Open JayFoxRox opened 4 years ago
Hmm, I hoped they'd keep the split repo. So far the options I see are:
Include the full LLVM repo as a submodule (which is 2.2GiB in size)
Including 2.2GiB is not an option to me.
I assume it would also be a huge issue for people trying to get into nxdk development, if they have to clone the repo for a very long time (and waste so much memory). I don't have so much space available and it would actually mean that I'd had to stop my involvement with nxdk.
It was only an option, if we decentralized nxdk, and made binary releases (so only people who want to work on libcxx would have to clone it).
Use git filter-branch to update our libcxx repo out of the LLVM repo
Yes, I also considered this. This is also really bad, because we will have different hashes for the revisions.

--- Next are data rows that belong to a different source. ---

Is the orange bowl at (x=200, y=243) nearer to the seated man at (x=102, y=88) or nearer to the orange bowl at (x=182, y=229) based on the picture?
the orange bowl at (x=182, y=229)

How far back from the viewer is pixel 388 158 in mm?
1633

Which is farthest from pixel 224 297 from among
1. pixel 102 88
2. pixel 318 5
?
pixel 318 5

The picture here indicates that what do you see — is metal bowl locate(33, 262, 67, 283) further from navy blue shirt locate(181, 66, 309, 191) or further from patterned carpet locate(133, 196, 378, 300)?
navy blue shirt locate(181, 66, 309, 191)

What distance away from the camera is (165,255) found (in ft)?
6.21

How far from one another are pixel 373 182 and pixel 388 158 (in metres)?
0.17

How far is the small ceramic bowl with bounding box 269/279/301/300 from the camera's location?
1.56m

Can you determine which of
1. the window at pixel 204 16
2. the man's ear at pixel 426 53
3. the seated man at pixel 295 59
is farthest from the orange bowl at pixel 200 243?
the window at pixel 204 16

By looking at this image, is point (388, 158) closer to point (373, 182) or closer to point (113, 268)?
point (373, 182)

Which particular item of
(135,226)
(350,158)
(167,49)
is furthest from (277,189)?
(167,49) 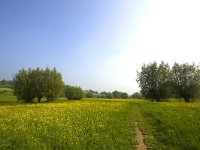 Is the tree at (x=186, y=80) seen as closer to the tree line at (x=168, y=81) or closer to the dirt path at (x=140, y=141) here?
the tree line at (x=168, y=81)

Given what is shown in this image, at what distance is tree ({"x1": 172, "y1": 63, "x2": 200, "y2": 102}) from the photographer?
69625 millimetres

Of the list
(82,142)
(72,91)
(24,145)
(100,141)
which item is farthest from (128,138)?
(72,91)

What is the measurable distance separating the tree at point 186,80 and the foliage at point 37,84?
42.8 metres

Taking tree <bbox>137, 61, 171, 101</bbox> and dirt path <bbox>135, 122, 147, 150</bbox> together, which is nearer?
dirt path <bbox>135, 122, 147, 150</bbox>

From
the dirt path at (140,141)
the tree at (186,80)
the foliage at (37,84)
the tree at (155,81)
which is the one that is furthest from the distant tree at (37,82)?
the dirt path at (140,141)

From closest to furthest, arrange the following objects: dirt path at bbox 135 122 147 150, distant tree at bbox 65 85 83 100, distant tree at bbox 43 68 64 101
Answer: dirt path at bbox 135 122 147 150, distant tree at bbox 43 68 64 101, distant tree at bbox 65 85 83 100

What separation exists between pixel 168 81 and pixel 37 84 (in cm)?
4537

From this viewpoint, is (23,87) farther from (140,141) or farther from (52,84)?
(140,141)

So we'll manually have keep track of upstream revisions (github won't offer auto-comparisons for example). Rebasing might become an issue, because we need stability for the underlying revisions.
There's also git subtree
I'm not sure what the difference to git filter-branch
is.
I guess another option is to only do very shallow clones. - but even at --depth=1
it's still 140MiB in .git
and 900MiB combined with the checked out master
.
Including 2.2GiB is not an option to me.
I really don't see this as a large issue. Take for example Visual Studio & required SDKs for .NET development: takes 5.1GB just for .NET Core & and a couple of targeting packs.
I don't have so much space available and it would actually mean that I'd had to stop my involvement with nxdk.
Sorry to hear this, really. Can I offer gifting you a 16GB USB drive? You can get them readily for essentially pennies.
Take for example Visual Studio & required SDKs for .NET development: takes 5.1GB just for .NET Core & and a couple of targeting packs.
I would heavily disagree. We don't offer an app like Visual Studio - why would our source be as big as that? Additionally that comparison is not really useful at all. But I would agree that the personal disk space of some developers should not be part of the argument. However, generally speaking, having an insanely large repo might indeed turn of humans, who are not lucky enough to own state of the art hardware. We should at least have that in mind.
I would vote for the git subtree
/ git filter-branch
solution. It looks a bit messy to setup and maintain but I think its our best bet? Personally, I would probably be very annoyed by a repo size >1GiB which would be the result of the suggested --depth=1
solution.
This sounds interesting https://github.blog/2020-01-17-bring-your-monorepo-down-to-size-with-sparse-checkout/; especially when considering https://stackoverflow.com/questions/6238590/set-git-submodule-to-shallow-clone-sparse-checkout. Also see https://stackoverflow.com/questions/600079/how-do-i-clone-a-subdirectory-only-of-a-git-repository/52269934#52269934
So it might be possible to have the full monorepo online, but we could checkout the individual submodule directory.
Hm, this would save some space for the checkout, but it appears that it still has to clone the full repo - this can be fixed with the sparse cloning options, but that comes with the usual drawbacks of requiring extra steps if you want to be able to actually work on the code in the submodule.
if you want to be able to actually work on the code in the submodule.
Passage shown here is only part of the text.